Angela's Ashes by Frank McCourt
My rating: 4 of 5 stars
This book made me count my blessings. I have Irish ancestors and actually traveled to Ireland the summer before last. The monuments and historical places depicting the Famine were all over. Frank McCourt didn't live during the Famine, but his childhood was pretty bad. They lived on fried bread and tea. They were lucky to have shoes -- some children didn't -- and they only had the clothes on their backs which were not much to speak of. His mother had to stand in line for vouchers for food and on at least one occasion actually begged for food from the priests. Frank was very bright though.

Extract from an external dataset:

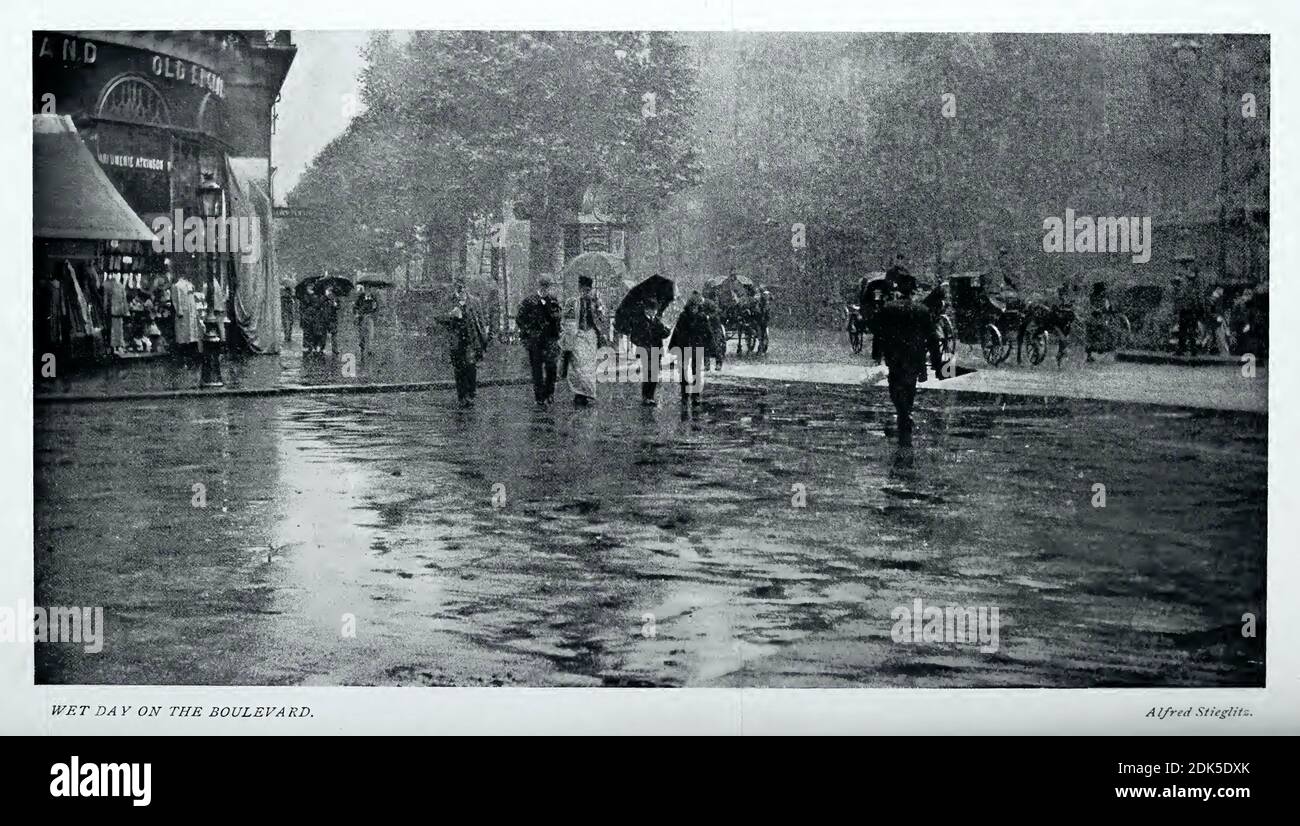 Wet Day on the Boulevard von Alfred Stieglitz. Das Foto zeigt die Kreuzung von Boulevard des Italiens und Rue Scribe in Paris, Frankreich. Stockfoto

He learned to read and write and it served him well when he was trying to make some money. The religious in Limerick didn't do him any favors though. His father taught him all the prayers of the Mass in Latin and just what to do to be an altar boy, but they "didn't have room for him". Another time he wanted to join the White Fathers and go to the Sahara desert and convert the Bedouins and they told him to go home to his mother. It could have been a sad story, but it wasn't a "tug at your heartstrings" kind of story. It was sad that they were so poor, but they lived through it. Frank found many ways to get food and make himself useful so he could earn a shilling or two. He also went through all the things that normal 13-14 year-old boys go through... In the end, he saved and saved his money and made it to America. He was a good boy even though he stole and did things he shouldn't have. I enjoyed this book and it made me wonder what my ancestors had to go through when they lived in Ireland. Frank has another book simply entitled 'Tis. It must be about his life in America because "Angela's Ashes" ends with the word 'Tis.